The data Start Marker

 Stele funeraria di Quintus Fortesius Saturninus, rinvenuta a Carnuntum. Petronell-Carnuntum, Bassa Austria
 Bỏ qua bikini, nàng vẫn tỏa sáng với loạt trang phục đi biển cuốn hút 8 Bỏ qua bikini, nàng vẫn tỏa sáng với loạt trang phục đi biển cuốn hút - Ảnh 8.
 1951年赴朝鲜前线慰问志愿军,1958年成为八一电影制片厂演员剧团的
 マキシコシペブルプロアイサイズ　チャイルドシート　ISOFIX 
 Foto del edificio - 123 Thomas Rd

The data End Marker
The data Start Marker

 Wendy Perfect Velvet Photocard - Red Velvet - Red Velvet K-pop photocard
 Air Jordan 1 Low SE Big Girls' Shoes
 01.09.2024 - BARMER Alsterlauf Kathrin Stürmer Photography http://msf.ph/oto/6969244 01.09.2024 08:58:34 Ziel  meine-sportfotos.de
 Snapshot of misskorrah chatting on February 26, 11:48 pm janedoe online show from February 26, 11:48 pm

The data End Marker

# How to complete this task
What you give back should be only the lines of the records above, starting at the line with "hút - Ảnh 8." and ending at the line with "Foto del edificio - 123 Thomas Rd", restated word for word.

# Your response
 Bỏ qua bikini, nàng vẫn tỏa sáng với loạt trang phục đi biển cuốn hút 8 Bỏ qua bikini, nàng vẫn tỏa sáng với loạt trang phục đi biển cuốn hút - Ảnh 8.
 1951年赴朝鲜前线慰问志愿军,1958年成为八一电影制片厂演员剧团的
 マキシコシペブルプロアイサイズ　チャイルドシート　ISOFIX 
 Foto del edificio - 123 Thomas Rd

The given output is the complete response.